**EXERCISE DESCRIPTION:**
The line containing "Апартаменты Al Sottano" marks the start of the required copy, which runs to the final line of the entries; return those lines exactly, without any pictures.

[Image-text web data]
-*-*-

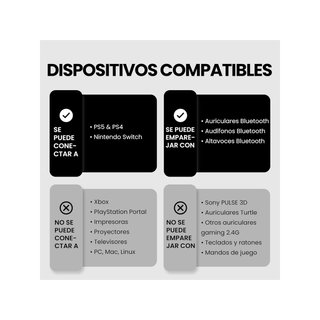 Avantree DG80-Gaming adaptador bluetooth juegos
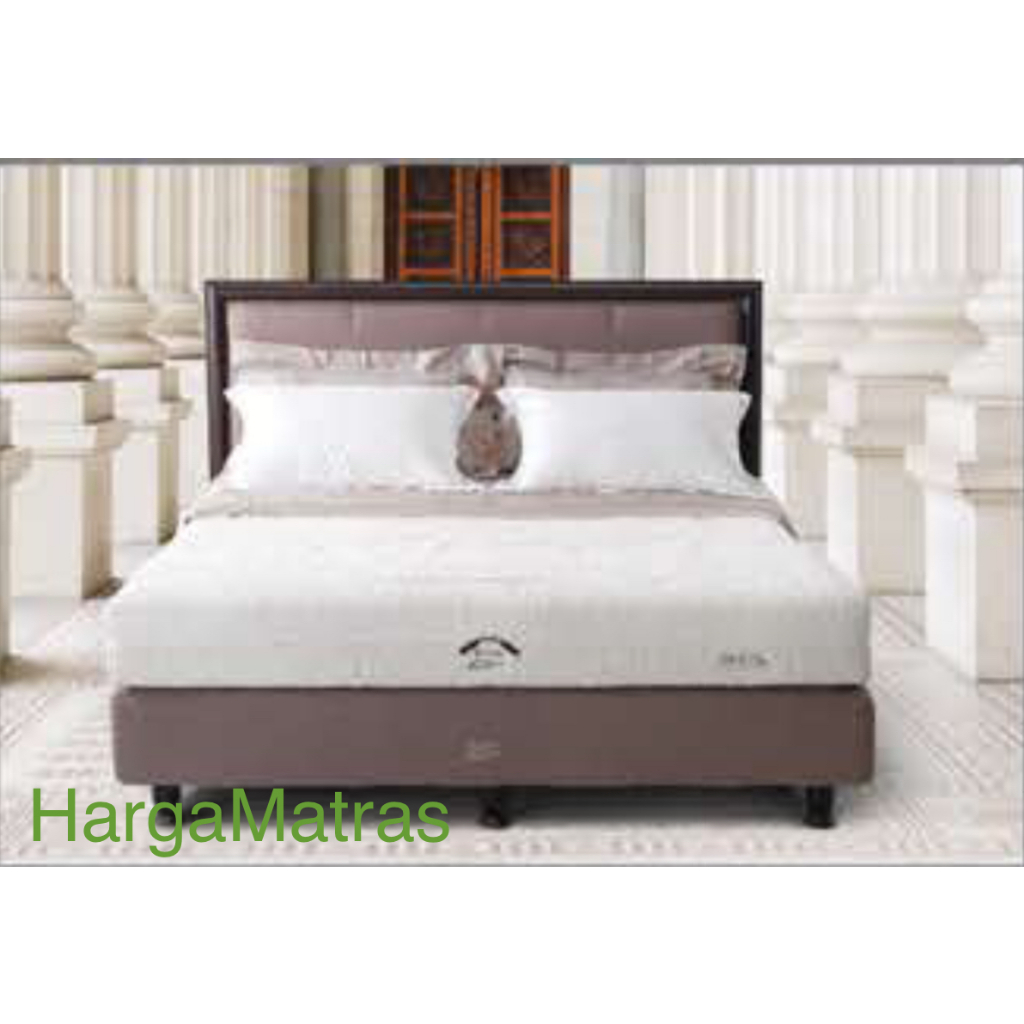SpringbedKasurMatrasKingkoilViscountessUkuran100x200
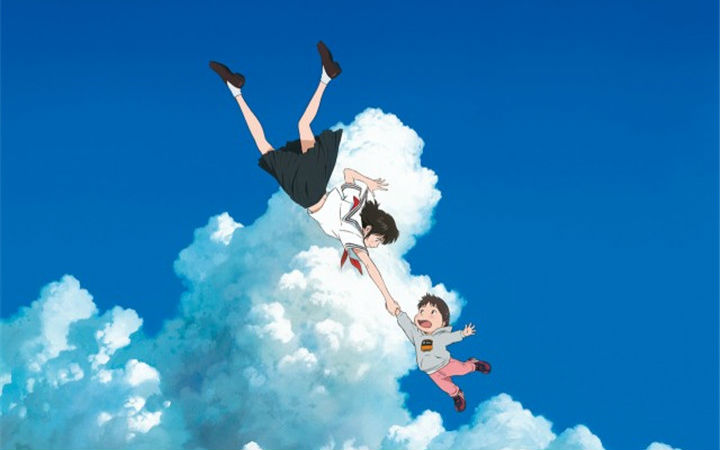 细田守动画电影《未来的Mirai》提名奥斯卡长篇动画奖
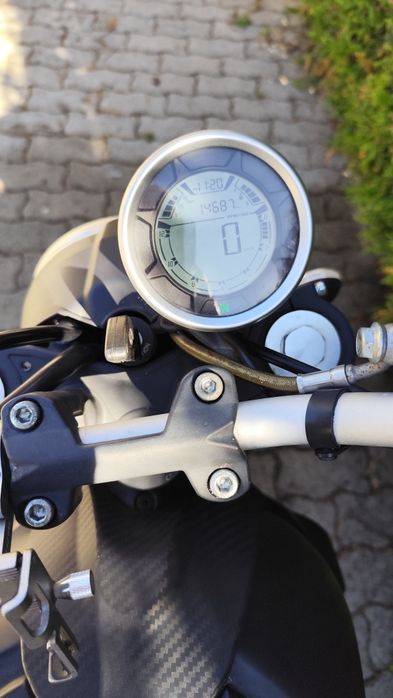 Mash Falcone 125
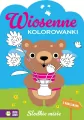 Wiosenne kolorowanki. Słodkie misie - tantis.pl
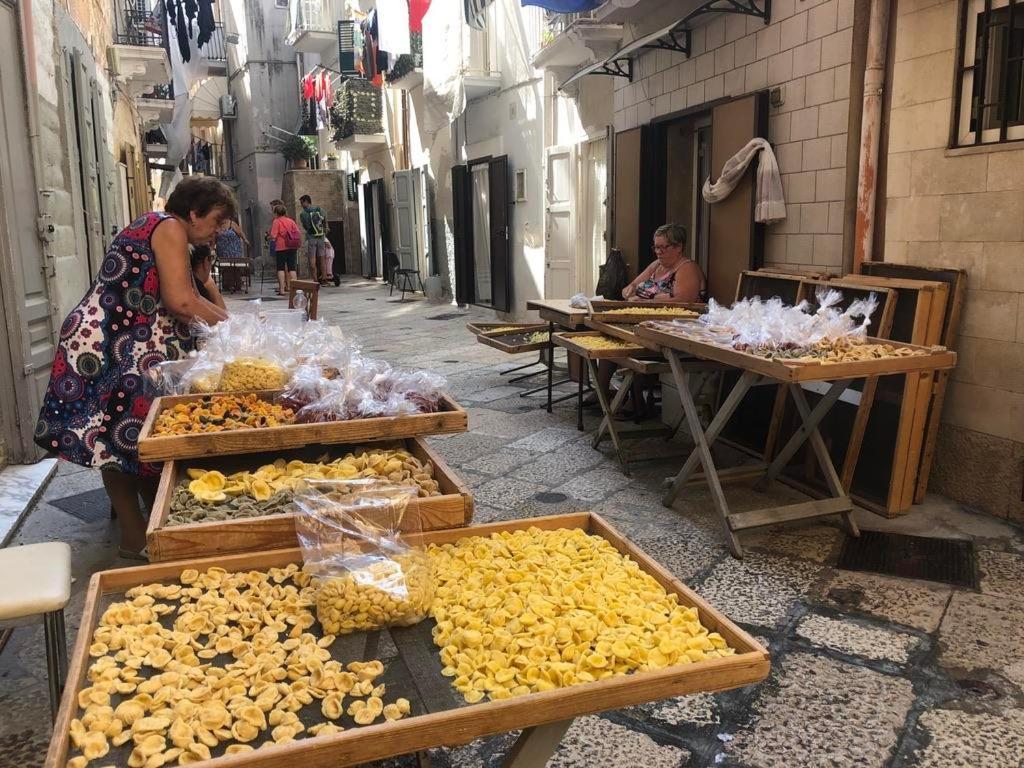 Апартаменты Al Sottano 19 Бари Экстерьер фото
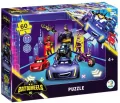 Puzzle 60 Batwheels - tantis.pl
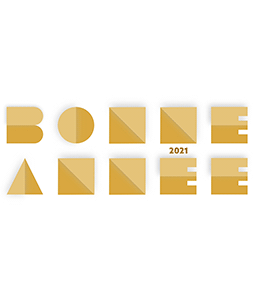 Le Groupe Burlat vous souhaite une bonne ann&eacute;e 2021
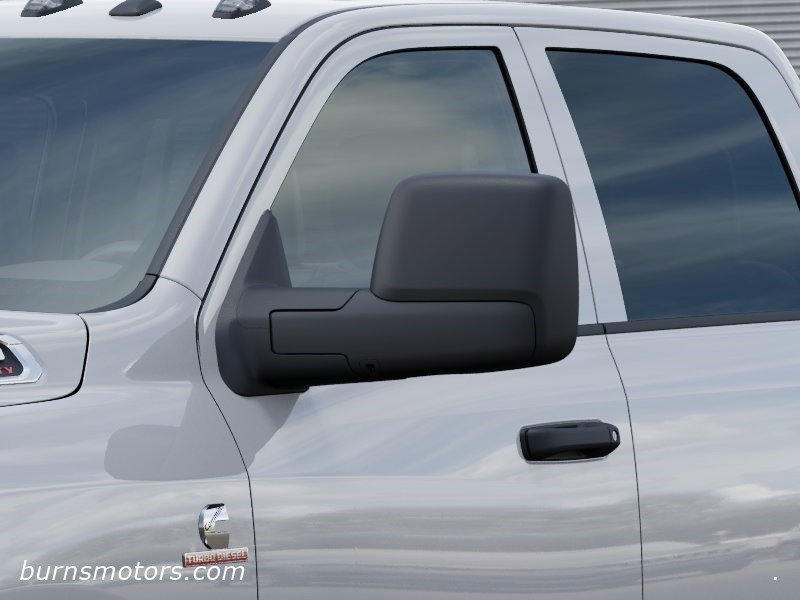 New 2026 Bright White Clear-Coat Exterior Paint RAM Tradesman Dually image 12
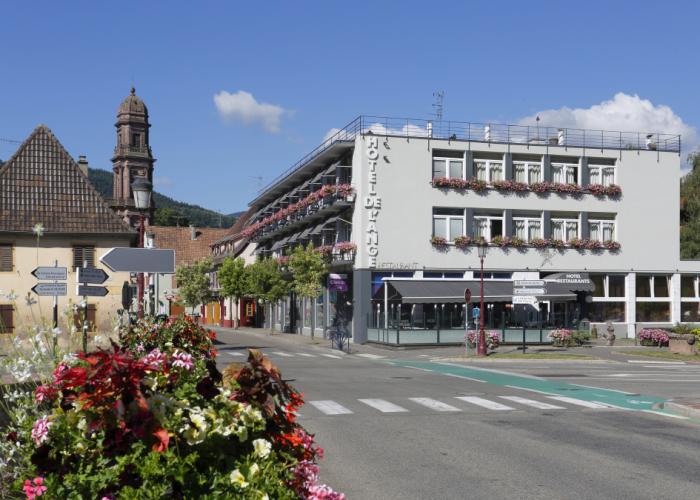 The Originals City, Hôtel de l'Ange, Guebwiller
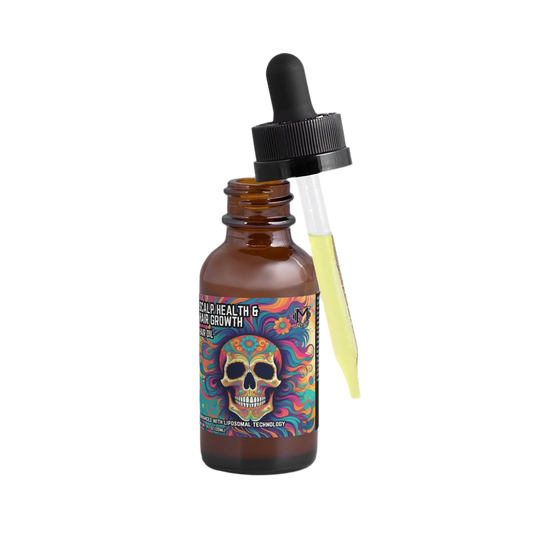 Scalp Health / Hair Growth Oil by Project M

-*-*-

**EXERCISE RESPONSE:**
 Апартаменты Al Sottano 19 Бари Экстерьер фото
 Puzzle 60 Batwheels - tantis.pl
 Le Groupe Burlat vous souhaite une bonne ann&eacute;e 2021
 New 2026 Bright White Clear-Coat Exterior Paint RAM Tradesman Dually image 12
 The Originals City, Hôtel de l'Ange, Guebwiller
 Scalp Health / Hair Growth Oil by Project M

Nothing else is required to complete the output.